My dissertation was qualitative action research, a dissertation in practice grounded in the Carnegie Project on the Education Doctorate. Grading and assessment are ripe for qualitative action research because we have over a century of quantitative research in grading and assessment, and not as much positive change, at least with grading, as we might like to see. I might argue we are seeing more authentic assessment in schools, but grading remains, well, stuck. One of the reasons I think we’re stuck is that we believe persistent myths about grading.

Grades Communicate Students’ Proficiency

One of the most persistent myths about grading is that we agree on what grades mean. As long ago as 1888, researchers were raising questions about inter-rater reliability (Edgeworth, 1888). Study after study indicates that grades are highly inconsistent measures of students’ learning. Starch & Elliott (1912) conducted a study that examined consistency among graders and found that scores on student writing varied by 30-40 points out of 100, or a probable error of 4.5. You might be thinking, “yes, but isn’t writing a little subjective anyway? I’m sure that doesn’t happen in, say, math.” Well, the following year, Starch & Elliott (1913) found that scores on a geometry exam varied even more widely—as much as a probable error of 7.5. They ascribed the difference to several factors: the possibility that graders differently evaluate the students’ methods for reaching the solution, that they assess quality of the students’ drawings, and that they assign different values to problems.

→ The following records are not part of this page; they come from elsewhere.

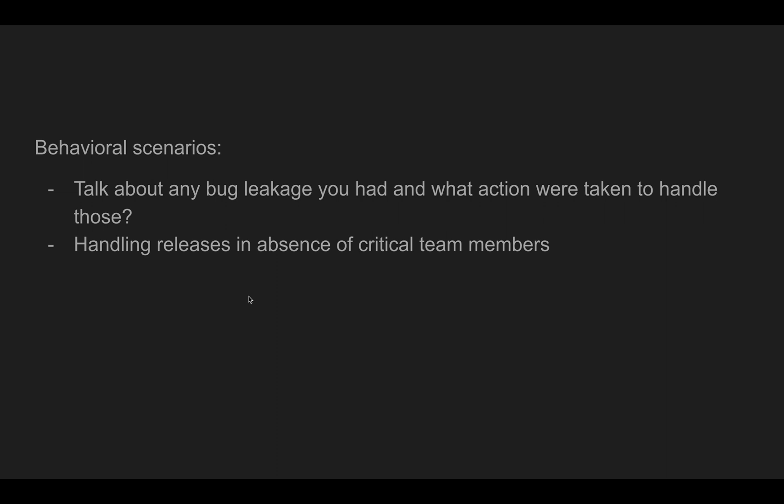Yeah, that's it guys. I think I've pretty much covered the overall high-level interview questions for software testing. I hope this was helpful to you and I really wish you get the job you've always wanted. All the best guys. And don't forget to subscribe to the channel. I really appreciate that. Thank you so much. Once again, bye-bye, take care.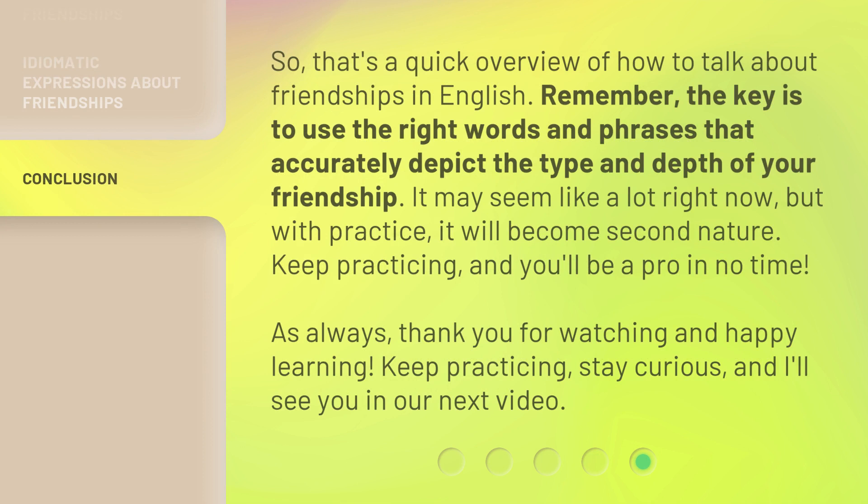That's a quick overview of how to talk about friendships in English. Remember, the key is to use the right words and phrases that accurately depict the type and depth of your friendship. It may seem like a lot right now, but with practice, it will become second nature. Keep practicing and you'll be a pro in no time. As always, thank you for watching and happy learning. Keep practicing, stay curious, and I'll see you in our next video. Bye-bye!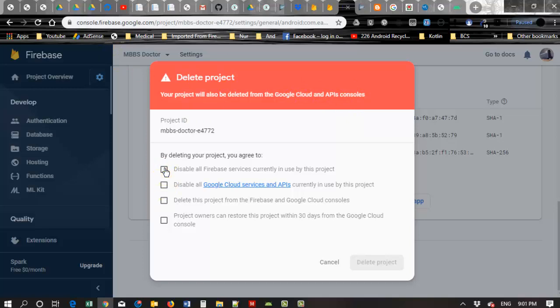Then here a Delete Project button appears. Now click the Delete Project.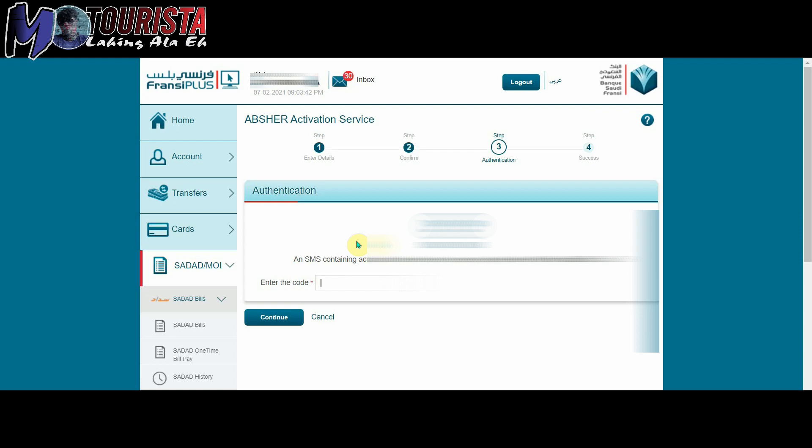Online banking po is halos lahat ng online banking dito sa Saudi Arabia is merong ganitong feature. So sundan nyo na lang po yung mga instruction, basta hanapin nyo lang yung MOI dito sa left portion ng banking account nyo. Kahit anong banking po yan, Alraji, Alinma, Samba, lahat po yan meron.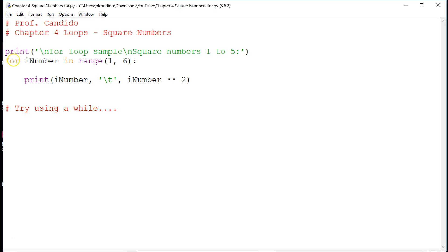So notice we have the for, we have a variable called iNumber in range 1, 6. That means we want a loop that will start at 1, and it ends at what?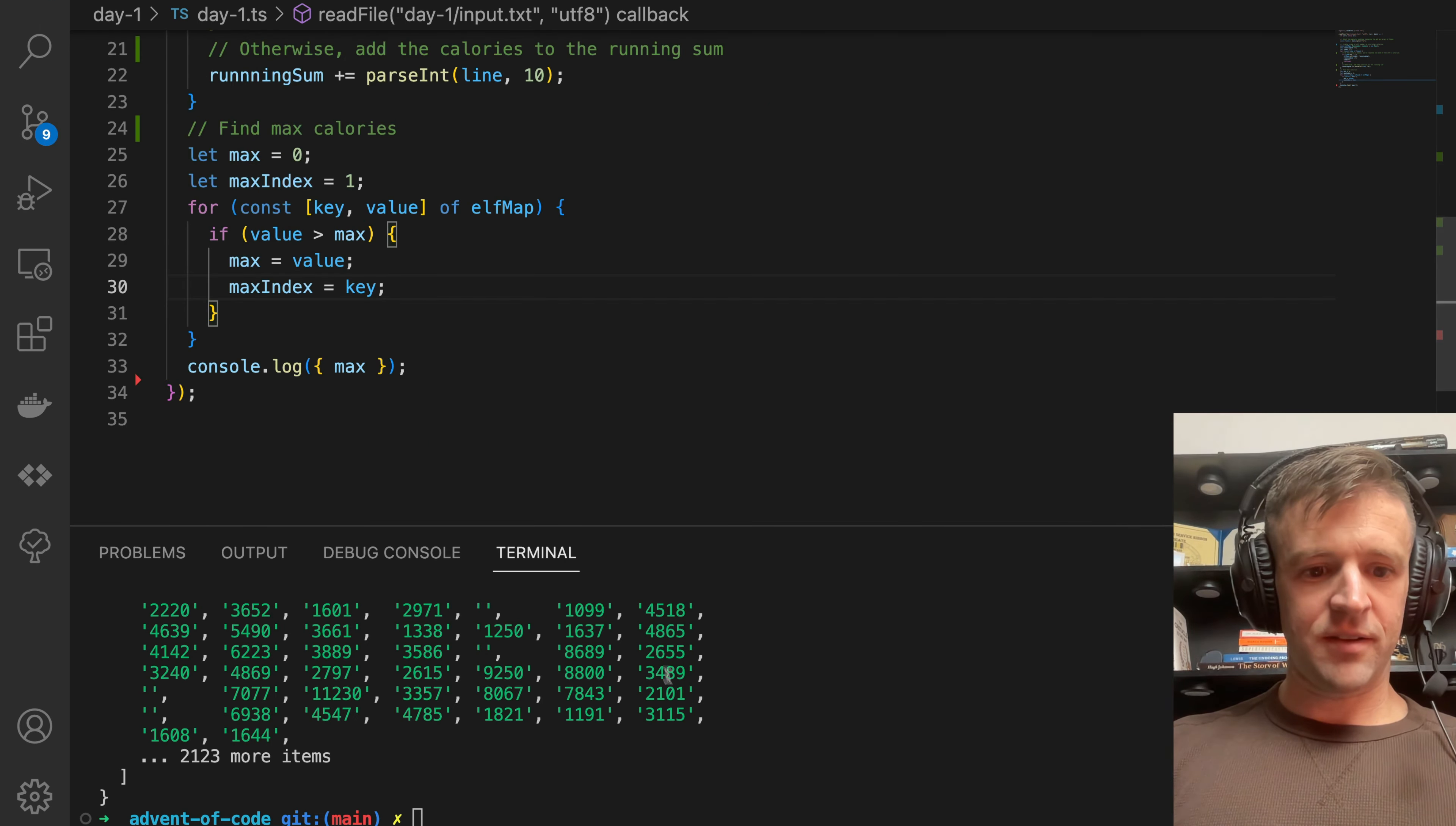And we can see that I got part one right. Puzzle answer was 70,764.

Naturally, things have changed in a hundred years. What do more recent studies say? Brimi (2011) sought to answer that very question. Brimi (2011) engaged 73 participants working for the same school district trained to use the 6+1 Traits of Writing Rubric developed by Education Northwest to score the same argumentative essay using the rubric. The participants’ grades ranged from an A to an F on the traditional grading scale; furthermore, the range of scores assigned to the essay spanned 46 points (Brimi, 2011).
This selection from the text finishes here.